Con mutuas promesas de llamadas y otra recomendación sobre la insalata di calamari, se despidieron, y Brunetti pensó que era muy extraño que un hombre estuviera una semana fuera de casa sin llamar a su mujer. Quizá si no tenían hijos era diferente, aunque le parecía que no.

Marcó el número de Padovani y, como venía ocurriendo en Italia cada vez con más frecuencia, un voz grabada le dijo que el professore Padovani no podía atenderle en este momento y que lo llamaría lo antes posible. Brunetti dejó un mensaje en el que rogaba al professore Padovani que lo llamara, y colgó.

Fue a la cocina y sacó del frigorífico la famosa insalata. Retiró la lámina de plástico que la cubría y tomó con los dedos un trozo de calamar. Mientras masticaba, extrajo del frigorífico una botella de soave y se sirvió una copa.
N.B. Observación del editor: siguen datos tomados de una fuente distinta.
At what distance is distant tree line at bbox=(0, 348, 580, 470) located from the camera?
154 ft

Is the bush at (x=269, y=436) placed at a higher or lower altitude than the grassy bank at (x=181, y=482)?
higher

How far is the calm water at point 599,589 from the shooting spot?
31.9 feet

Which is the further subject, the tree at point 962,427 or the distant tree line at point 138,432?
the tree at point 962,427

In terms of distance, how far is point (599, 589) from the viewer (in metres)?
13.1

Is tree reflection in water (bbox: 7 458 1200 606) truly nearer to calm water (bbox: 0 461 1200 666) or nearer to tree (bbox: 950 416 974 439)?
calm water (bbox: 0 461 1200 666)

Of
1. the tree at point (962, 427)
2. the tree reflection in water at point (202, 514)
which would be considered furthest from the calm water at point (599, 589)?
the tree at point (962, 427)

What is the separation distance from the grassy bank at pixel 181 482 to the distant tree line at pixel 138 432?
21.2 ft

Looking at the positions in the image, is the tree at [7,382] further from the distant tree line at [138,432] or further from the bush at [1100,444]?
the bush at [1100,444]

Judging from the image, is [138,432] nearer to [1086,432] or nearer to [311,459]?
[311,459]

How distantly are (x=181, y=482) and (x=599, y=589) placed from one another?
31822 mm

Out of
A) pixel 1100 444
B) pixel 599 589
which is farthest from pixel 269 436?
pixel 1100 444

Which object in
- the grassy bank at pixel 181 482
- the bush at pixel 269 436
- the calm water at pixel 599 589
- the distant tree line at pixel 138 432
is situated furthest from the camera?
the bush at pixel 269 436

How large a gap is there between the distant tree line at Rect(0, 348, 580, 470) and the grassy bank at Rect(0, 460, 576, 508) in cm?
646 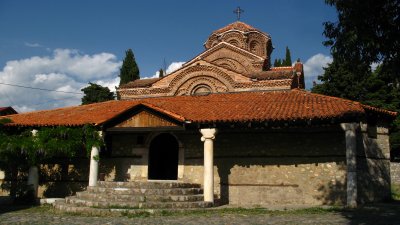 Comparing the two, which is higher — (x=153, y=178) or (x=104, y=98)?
(x=104, y=98)

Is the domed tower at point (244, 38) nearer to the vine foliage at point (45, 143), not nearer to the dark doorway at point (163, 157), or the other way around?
the dark doorway at point (163, 157)

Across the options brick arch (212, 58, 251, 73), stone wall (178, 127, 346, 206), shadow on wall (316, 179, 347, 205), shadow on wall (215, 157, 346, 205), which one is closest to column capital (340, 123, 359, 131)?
stone wall (178, 127, 346, 206)

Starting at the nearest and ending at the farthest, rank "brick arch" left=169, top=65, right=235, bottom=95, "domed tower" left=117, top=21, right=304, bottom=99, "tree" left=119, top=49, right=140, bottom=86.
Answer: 1. "domed tower" left=117, top=21, right=304, bottom=99
2. "brick arch" left=169, top=65, right=235, bottom=95
3. "tree" left=119, top=49, right=140, bottom=86

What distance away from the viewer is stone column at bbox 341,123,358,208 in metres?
10.7

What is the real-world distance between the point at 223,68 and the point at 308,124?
915cm

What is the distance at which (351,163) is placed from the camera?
10.8 m

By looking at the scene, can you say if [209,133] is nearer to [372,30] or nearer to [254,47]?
[372,30]

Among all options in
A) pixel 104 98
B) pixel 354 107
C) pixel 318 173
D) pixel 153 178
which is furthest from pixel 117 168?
pixel 104 98

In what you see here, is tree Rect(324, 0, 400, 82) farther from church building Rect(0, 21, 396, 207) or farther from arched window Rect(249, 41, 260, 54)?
arched window Rect(249, 41, 260, 54)

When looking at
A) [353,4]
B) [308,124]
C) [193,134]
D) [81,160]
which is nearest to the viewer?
[353,4]

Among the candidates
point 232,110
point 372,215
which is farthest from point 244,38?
point 372,215

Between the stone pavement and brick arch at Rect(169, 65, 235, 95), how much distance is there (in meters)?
10.4

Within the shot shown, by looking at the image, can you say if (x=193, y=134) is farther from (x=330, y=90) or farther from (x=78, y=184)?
(x=330, y=90)

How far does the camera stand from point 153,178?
46.8ft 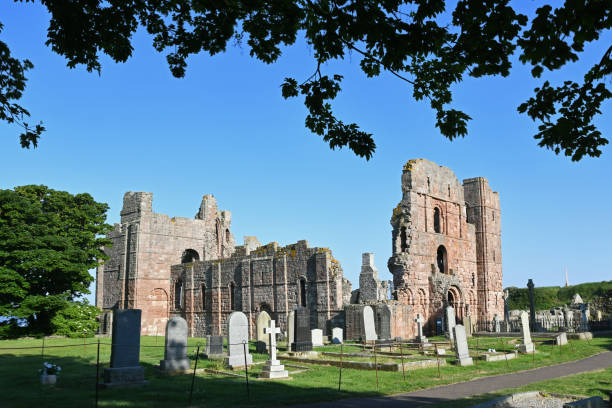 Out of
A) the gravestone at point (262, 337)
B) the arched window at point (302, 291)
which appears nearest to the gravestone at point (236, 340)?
the gravestone at point (262, 337)

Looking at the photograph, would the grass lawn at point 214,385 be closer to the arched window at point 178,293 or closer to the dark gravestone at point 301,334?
the dark gravestone at point 301,334

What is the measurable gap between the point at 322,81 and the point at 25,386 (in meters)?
10.4

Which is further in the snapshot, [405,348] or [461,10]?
[405,348]

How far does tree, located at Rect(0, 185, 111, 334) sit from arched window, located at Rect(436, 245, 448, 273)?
2259 cm

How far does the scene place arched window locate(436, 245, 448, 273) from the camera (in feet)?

Con el vino en una mano y la insalata en la otra, salió a la terraza y dejó ambas cosas en la mesita de cristal. Entonces se acordó del pan y volvió a la cocina en busca de un panino. Una vez allí, se sintió civilizado, y sacó un tenedor del cajón de arriba.

De vuelta en la terraza, partió pan, puso un trozo de calamar encima y se lo metió en la boca. Desde luego, los bancos también tienen cosas que hacer el sábado: el dinero no descansa, y quien estuviera trabajando durante el fin de semana no querría perder tiempo hablando por teléfono, diría que se habían equivocado de número y no volvería a contestar. Para no interrumpir el trabajo.

La ensalada tenía demasiado apio para su gusto, y apartó con el tenedor varios dados hacia el borde del bol. Se sirvió más vino y se puso a pensar en la Biblia. Si mal no recordaba, en el Evangelio según san Marcos, había un pasaje que relataba la desaparición de Jesús durante el regreso a Nazareth, del primer viaje que hizo con sus padres a Jerusalén. María creía que iba con José y los demás hombres y este santo varón pensaba que Jesús hacía el viaje con su madre y las mujeres. No descubrieron su desaparición hasta que la caravana acampó para pasar la noche, y resultó que Jesús había vuelto a Jerusalén y estaba enseñando en el Templo. El Banco de Verona creía que Mascari estaba en Mesina y la oficina de Mesina debía de creer que estaba en otro sitio, o hubieran preguntado por él.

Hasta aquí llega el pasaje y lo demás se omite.